The records below are to be reproduced exactly, with the pictures left out.
** Opening Material shown block **
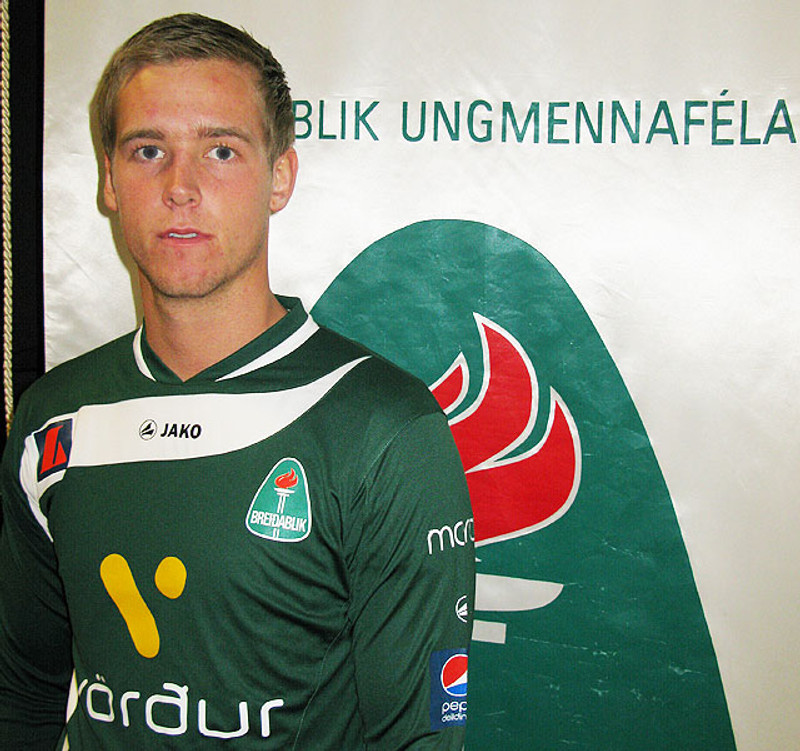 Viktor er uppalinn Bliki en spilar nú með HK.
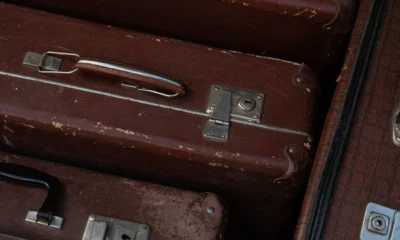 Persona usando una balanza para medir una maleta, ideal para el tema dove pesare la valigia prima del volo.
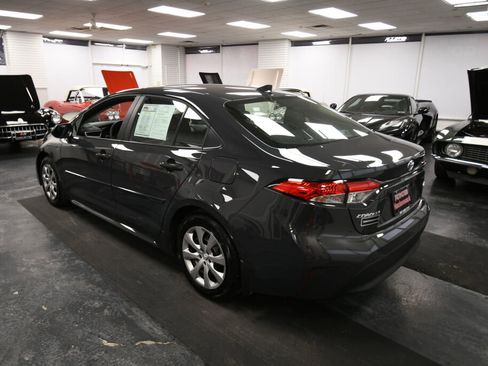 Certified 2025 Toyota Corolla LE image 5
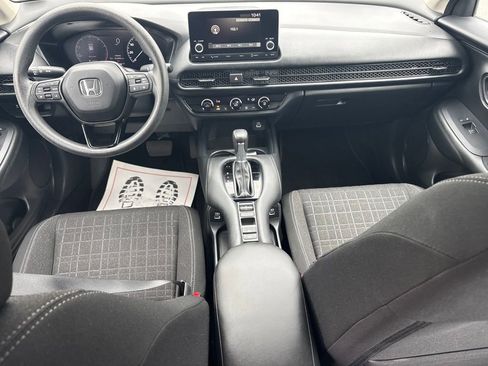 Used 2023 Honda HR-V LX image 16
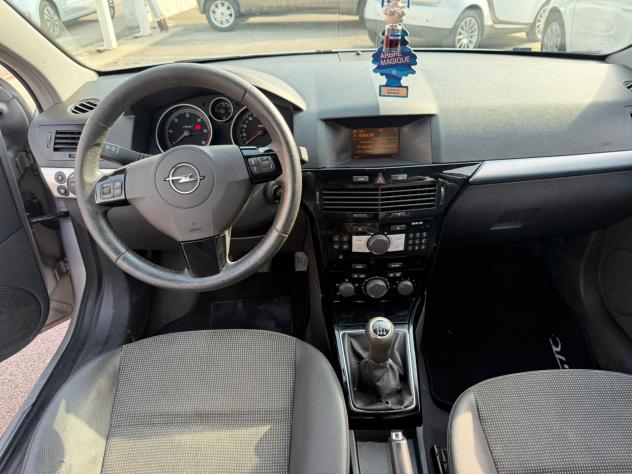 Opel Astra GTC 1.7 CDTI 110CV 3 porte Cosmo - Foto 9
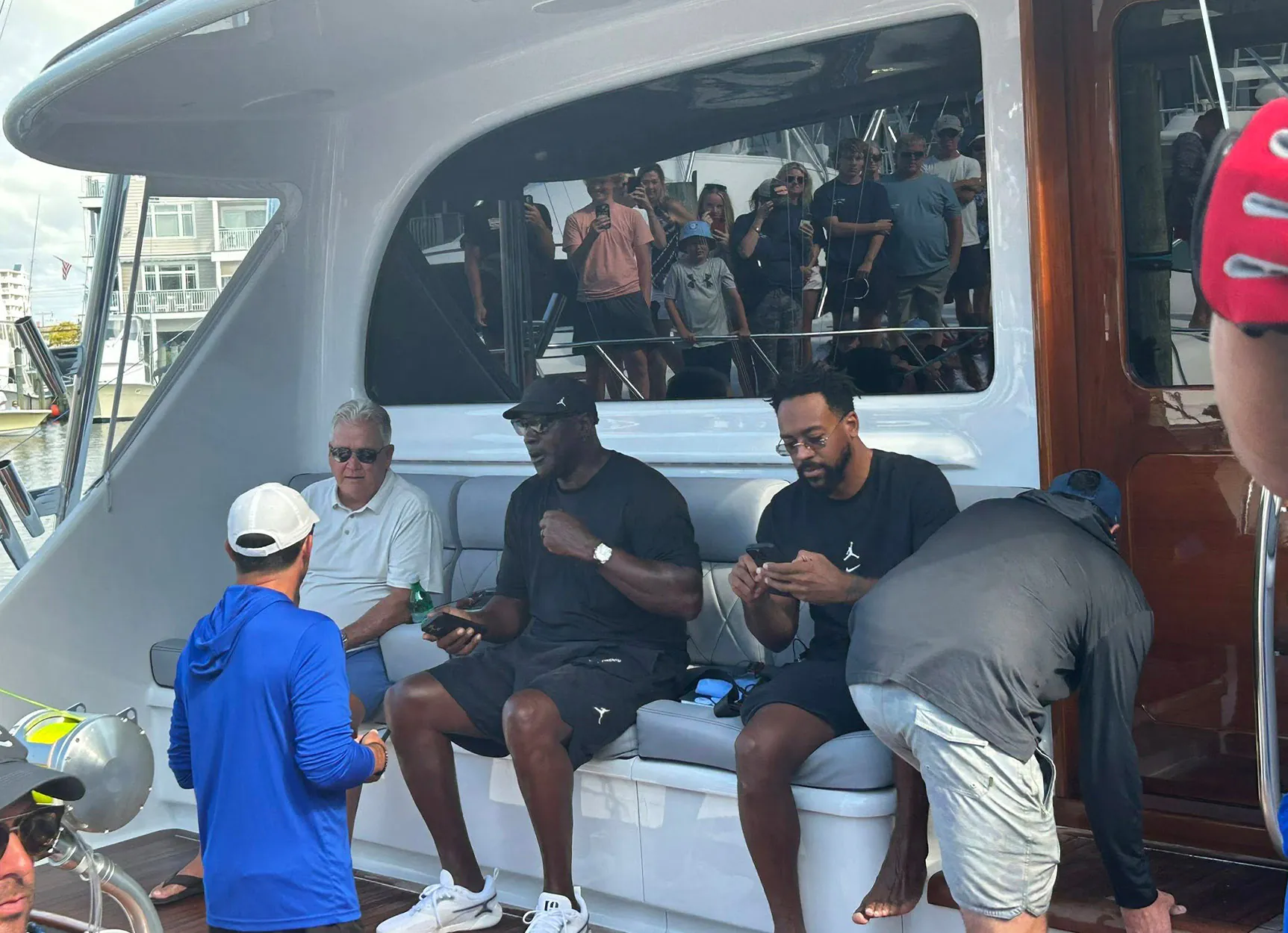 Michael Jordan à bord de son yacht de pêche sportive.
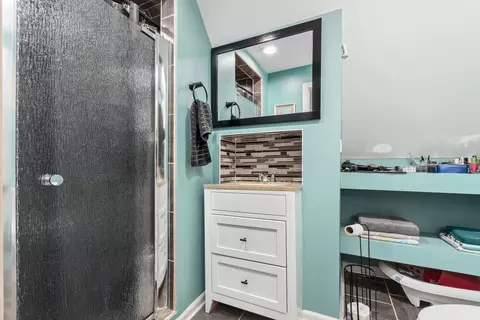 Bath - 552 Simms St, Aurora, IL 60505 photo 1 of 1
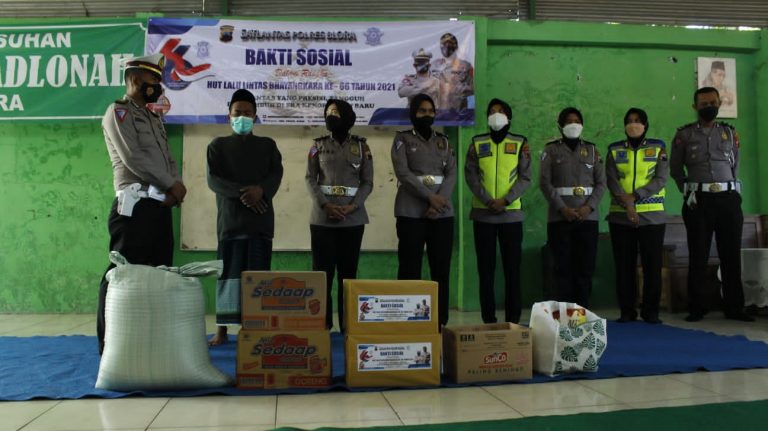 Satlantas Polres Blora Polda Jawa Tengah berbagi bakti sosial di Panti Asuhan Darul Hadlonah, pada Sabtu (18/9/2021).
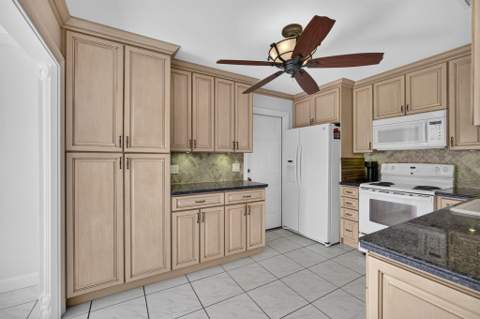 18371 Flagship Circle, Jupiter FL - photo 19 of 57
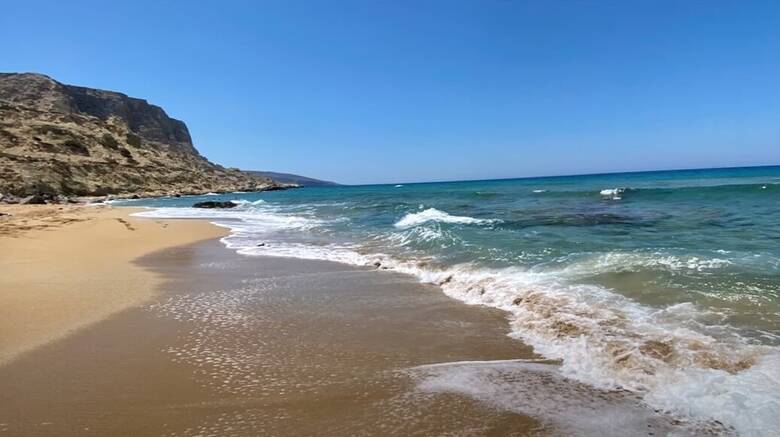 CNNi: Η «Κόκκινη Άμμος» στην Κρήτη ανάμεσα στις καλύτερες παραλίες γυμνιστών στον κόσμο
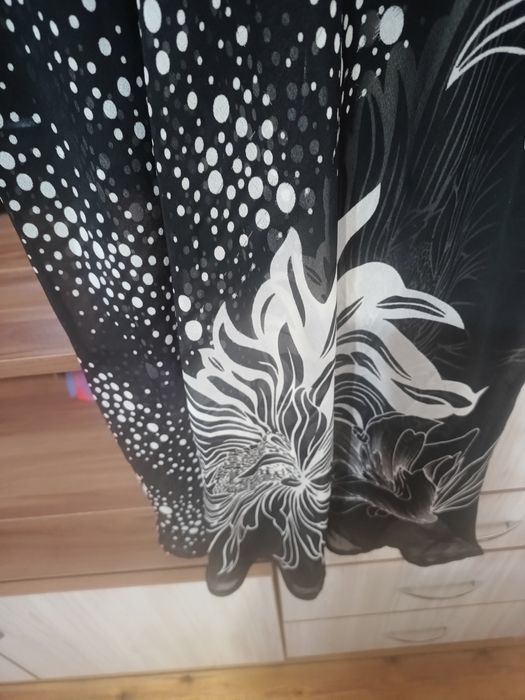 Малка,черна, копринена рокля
** Closing Material shown block **
» Response below:
 Viktor er uppalinn Bliki en spilar nú með HK.
 Persona usando una balanza para medir una maleta, ideal para el tema dove pesare la valigia prima del volo.
 Certified 2025 Toyota Corolla LE image 5
 Used 2023 Honda HR-V LX image 16
 Opel Astra GTC 1.7 CDTI 110CV 3 porte Cosmo - Foto 9
 Michael Jordan à bord de son yacht de pêche sportive.
 Bath - 552 Simms St, Aurora, IL 60505 photo 1 of 1
 Satlantas Polres Blora Polda Jawa Tengah berbagi bakti sosial di Panti Asuhan Darul Hadlonah, pada Sabtu (18/9/2021).
 18371 Flagship Circle, Jupiter FL - photo 19 of 57
 CNNi: Η «Κόκκινη Άμμος» στην Κρήτη ανάμεσα στις καλύτερες παραλίες γυμνιστών στον κόσμο
 Малка,черна, копринена рокля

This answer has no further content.